Transactional demarcation and Redeliveries

Mats run each Stage in a transaction, spanning the message consumption and production, and any database access. This means that a stage has either consumed a message, performed its database operations, and produced a message - or done none of that. If any of the operations within a Stage throws a RuntimeException, the processing of both the database and message handling is rolled back, and the MQ will perform redelivery attempts, until it either succeeds, or deems the message “poison” and puts it on the Dead Letter Queue.

Transactions in the Mats JMS implementation: Best Effort 1PC

With the current sole implementation of the Mats API being the JMS implementation, an explanation of how this works follows:

The JMS implementation of the Mats API currently have transaction managers for JMS-only, and JMS-and-SQL, the latter both with “pure java” JDBC, or with Spring’s TransactionManagers (typically DataSourceTransactionManager, but also e.g. HibernateTransactionManager) so that you can employ for example Spring’s JdbcTemplate, or Hibernate integration.

There is only support for 1 DataSource in the transaction. This should, in a micro service setting, not really constitute a limitation: It makes sense from a division of responsibility perspective that one microservice “owns” one database, at least for write operations. (Whether you allow one microservice to “peek” into another microservice’s database, read only, probably due to performance considerations, is up to you.
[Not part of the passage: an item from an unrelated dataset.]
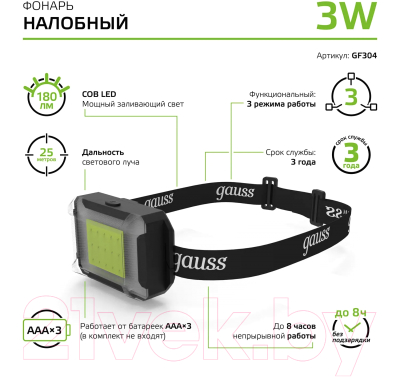 Изображение товара Фонарь Gauss GFL304 / GF304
Don’t go there without first having considered doing the read over Mats, though.)

To combine JMS and SQL transactions, it employs “Best Effort 1 Phase Commit”, in that it runs the JMS transaction as the “outer” transaction, and the database as the “inner” transaction, and committing them sequentially: Database first, then JMS. The rationale is that the database might give lots of interesting problems like, obviously, SQL errors and business process errors (wrong states) like duplicate key exception, but also more subtle problems like deadlock victim and several other situations that might just transiently show up. On the other side, the JMS transaction is guaranteed to go through: You are guaranteed that this consumer is the only one that are currently processing the current message, and committing a JMS transaction with both received and sent messages will always go through, except if there are actual hardware infrastructure problems (or, granted, bugs in the message broker or your setup of it).

Therefore, the Stage’s transaction is set up in the following fashion:

Start JMS transaction
Receive message
Start JDBC transaction
Perform Stage processing:
- Business logic
- CRUD (Create, Read, Update, Delete) database operations
- Send message(s)
Commit database transaction
Commit JMS transaction

.. where the ordering of the two last steps is the crucial point. If any of the parts in #3, #4 and #5 goes wrong, the whole processing is rolled back, and redelivery will occur.
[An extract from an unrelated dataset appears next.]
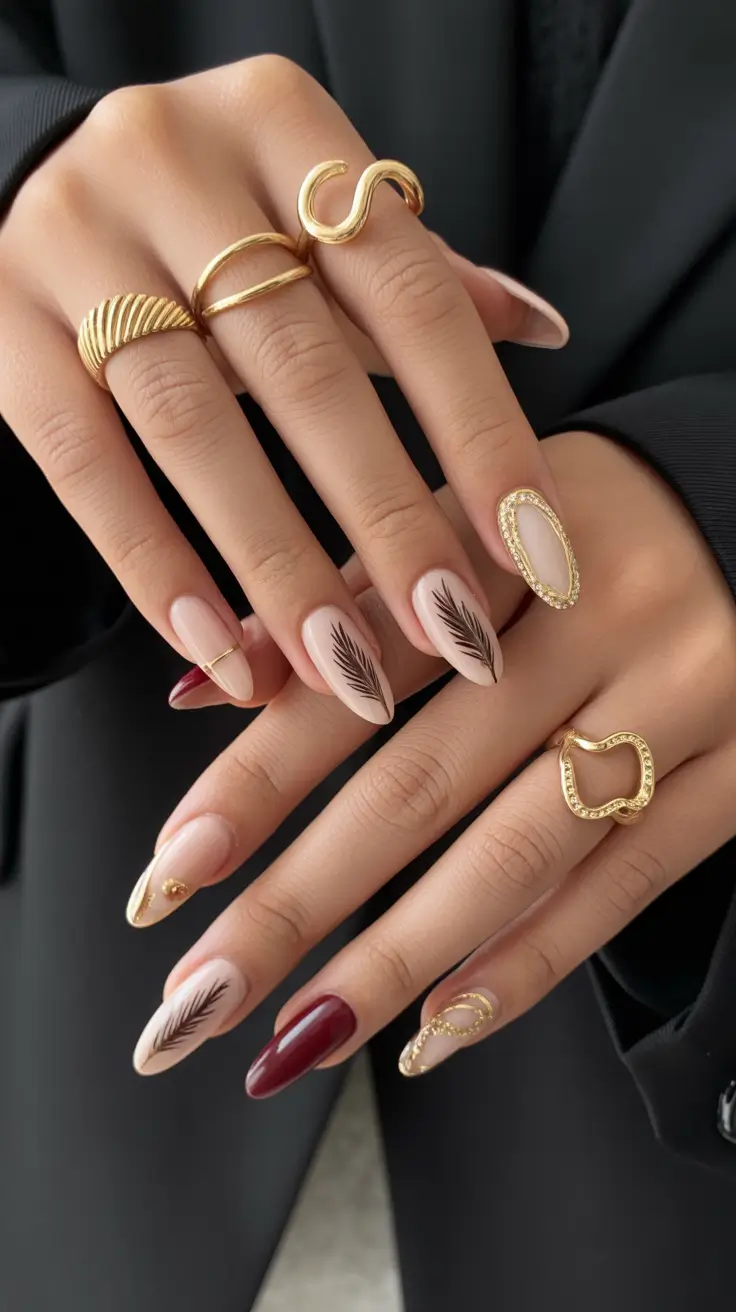 creative nail designs 2026 Minimalist Nature-Inspired Almond Nails With Gold Details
The only situation where this fails, is if #5 goes through (database commit), and then some infrastructure failure hinders #6 to go through (JMS commit). You will now be in a situation where the entire processing has actually happened, including commit to database, but the broker has rolled back.

If this was in an Initiation, the initiation will throw out. You should handle such situations as if any other external communication error happened. Notably, if you did any “job allocation” or similar, picking work from a database table for execution in one or multiple Mats flows, these flows will now not start. You should thus deallocate that work.
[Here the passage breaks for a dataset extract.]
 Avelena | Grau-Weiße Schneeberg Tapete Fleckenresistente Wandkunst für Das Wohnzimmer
If this was in a Stage processing, you will now get a redelivery of the same message.

The problem with a redelivery of an already processed message is that if you’ve e.g. already inserted the new order, you’ll either insert the order once more - or if you run with “client decides ids”, which you should - you’ll get a duplicate key exception, and thus abort the processing. However, any outgoing message wasn’t sent on the first delivery and processing, and will now not ever be sent, since the same situation will be present for each redelivery. The Mats Flow will thus erroneously stop. The message will eventually be DLQed.

A solution to this is to pre-emptively check whether the order is already entered, and if so, “jump over” the business processing, and just send the outgoing message.

Note that this is not a problem if the Stage only performs reads: This is a “safe” idempotent method, and the second delivery will just be processed again, this time the JMS commit will most probably go through. The same holds for any other idempotent operations: Deleting an already deleted row is often not a problem (unless you verify “number of affected rows”!), and updating a row with new information might also not be a problem if done multiple times.

2-phase-commit transactions (XA-transactions) on the surface seems like a silver bullet. However, even XA-transactions cannot defy reality: If you have two resources A and B, then prepare both, and then commit the A, and then everything crashes, you now have a committed resource A, and a prepared-but-not-committed resource B. This will be present on the resource B as an “in doubt” transaction. Handling such outstanding in-doubt transactions is a manual clean-up job. So what have you really gained, compared to the above “Best Effort 1PC”? With the latter, you at least have an option of coding your way around the situation.

Outbox pattern

There is actually a silver bullet, though: This is the “outbox pattern” - but this is not yet implemented in Mats.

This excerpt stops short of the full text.